DATA BLOCK section start

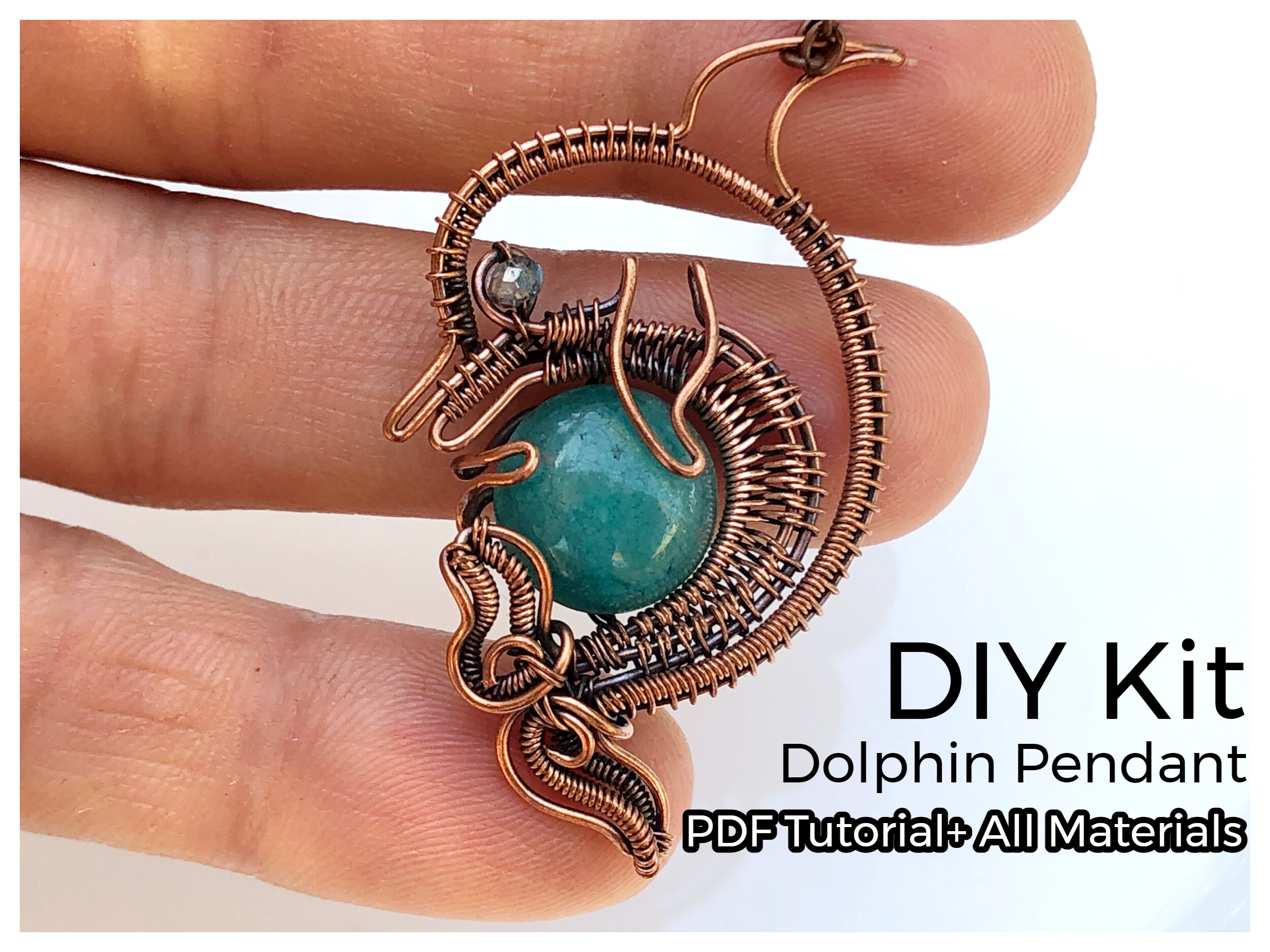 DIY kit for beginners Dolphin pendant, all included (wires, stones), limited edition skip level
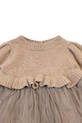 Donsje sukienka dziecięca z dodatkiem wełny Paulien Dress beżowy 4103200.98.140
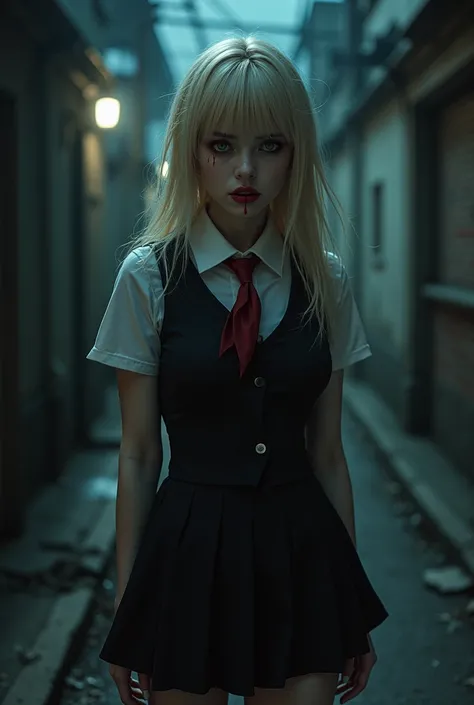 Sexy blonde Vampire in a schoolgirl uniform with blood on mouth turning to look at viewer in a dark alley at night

DATA BLOCK section end

EXERCISE PROMPT: Since the pictures are not wanted, transcribe the rest of the listing above exactly.

OUTPUT BELOW:
 DIY kit for beginners Dolphin pendant, all included (wires, stones), limited edition skip level
 Donsje sukienka dziecięca z dodatkiem wełny Paulien Dress beżowy 4103200.98.140
 Sexy blonde Vampire in a schoolgirl uniform with blood on mouth turning to look at viewer in a dark alley at night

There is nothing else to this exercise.